Reputation: 1431
I'm using the following script to make a table in R:
library(dplyr)
library(tidyr)
get_probability <- function(parameter_array, threshold) {
return(round(100 * sum(parameter_array >= threshold) /
length(parameter_array)))
}
thresholds = c(75, 100, 125)
mtcars %>% group_by(gear) %>%
dplyr::summarise(
low=get_probability(disp, thresholds[[1]]),
medium=get_probability(disp, thresholds[[2]]),
high=get_probability(disp, thresholds[[3]]),
)
The table that comes out is the following:
# A tibble: 3 x 4
gear low medium high
<dbl> <dbl> <dbl> <dbl>
1 3 100 100 93
2 4 92 67 50
3 5 100 80 60
My question is, how can condense what I have passed to summarise
to a single line? i.e., is there a way to iterate over both the thresholds
vector, also while passing custom variable names?
Upvotes: 2
Views: 62
Reputation: 28675
In recent versions of dplyr
, summarise
will auto-splice data.frames created within it into new columns. So, you just need a way to iterate over thresholds to create a data.frame.

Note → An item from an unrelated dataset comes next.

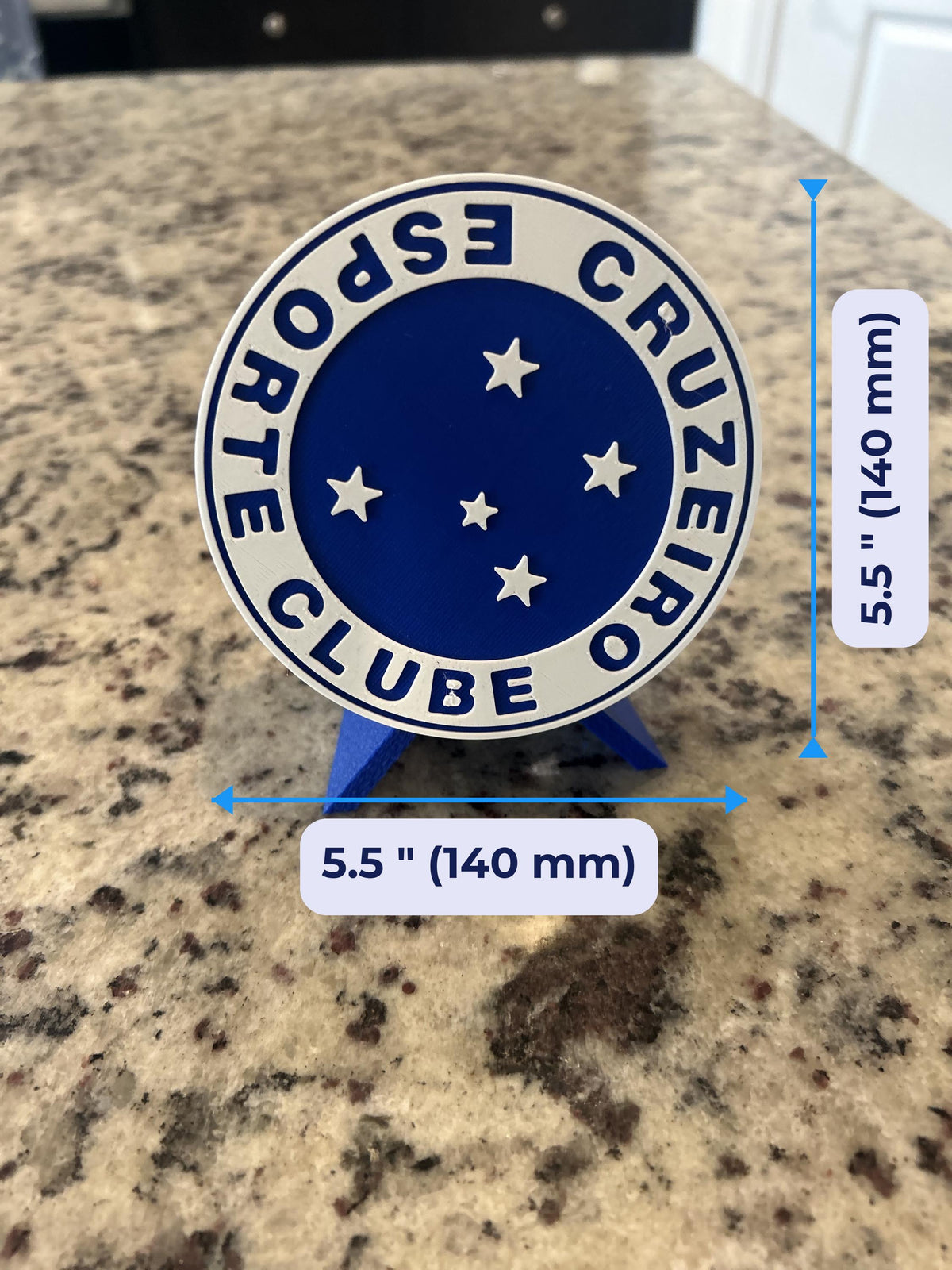 Cruzeiro 3D display size chart, approx 5.5 inch round medallion, Brazilian soccer fan gift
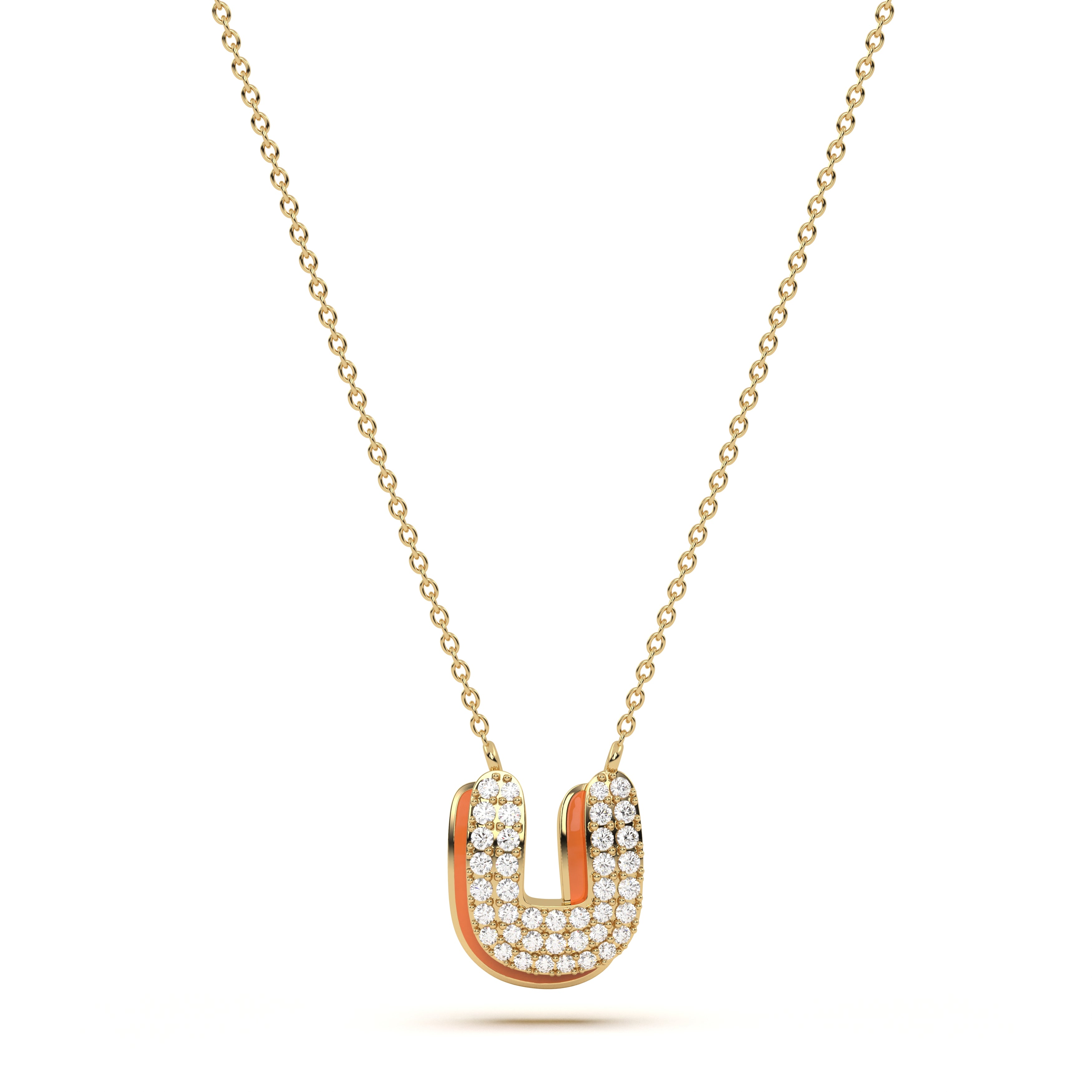 ‘U’ Diamond Enamel Pendant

One option is purrr:::map_dfc
.
library(dplyr, warn.conflicts = FALSE)
get_probability <- function(parameter_array, threshold) {
return(round(100 * sum(parameter_array >= threshold) /
length(parameter_array)))
}
thresholds = c(75, 100, 125)
thresholds <- setNames(thresholds, c('low', 'medium', 'high'))
mtcars %>%
group_by(gear) %>%
summarise(purrr::map_dfc(thresholds, ~ get_probability(disp, .x)))
#> # A tibble: 3 × 4
#> gear low medium high
#> <dbl> <dbl> <dbl> <dbl>
#> 1 3 100 100 93
#> 2 4 92 67 50
#> 3 5 100 80 60
If you prefer not to use an extra package though, you could just lapply
and then convert the output to data.frame. (Replace \(x)
with function(x)
in older versions of R)
mtcars %>%
group_by(gear) %>%
summarise(as.data.frame(lapply(thresholds, \(x) get_probability(disp, x))))
#> # A tibble: 3 × 4
#> gear low medium high
#> <dbl> <dbl> <dbl> <dbl>
#> 1 3 100 100 93
#> 2 4 92 67 50
#> 3 5 100 80 60
Created on 2021-08-17 by the reprex package (v2.0.1)
Upvotes: 4